Emmet von Stackelberg and his dog Willa

I am currently a Lecturer on History & Literature at Harvard. I am a historian studying the relations between industry and environment, and the history of technology of visual culture. I try to think through how cultures celebrating abundance and accumulation emerged across the 20th century alongside the intensification of industrial production.

Right now I am at work on a book that traces how moving images came to be so widespread in early 20th century America—a development that occurred through extractive and industrial processes on a global scale. This book, titled Seeing Through Silver, is a history of celluloid, the substance necessary to the mass distribution of moving images until the middle of the 20th century. Reconstructing the physical, intellectual, and political work needed to make cinema possible, this history shows how one strand of visual culture in the 20th century was realized through industrial and cultural struggle over a substance that resisted its own incorporation. I am also beginning work on a history of the byproduct as an industrial category.
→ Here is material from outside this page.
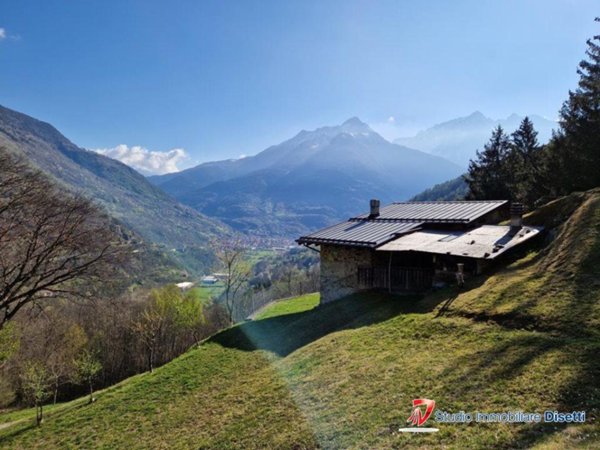 casale in vendita ad Edolo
I received my PhD in History from Rutgers, where I was a Warren and Beatrice Susman Dissertation Completion Fellow, as well as graduate fellow at the Center for Cultural Analysis and the Rutgers Center for Historical Analysis. I also organized the Marxism & Materialism Working Group at the Center for Cultural Analysis. Outside of the university, I have written essays for The Awl, as well as comedy pieces for newyorker.com. I occasionally DJ on the radio or at parties for my friends. My research has been supported by the Science History Institute, the British Library, the Hagley Museum and Library, Harvard University, and the History Department at Rutgers–New Brunswick. I received my AB in History & Literature from Harvard.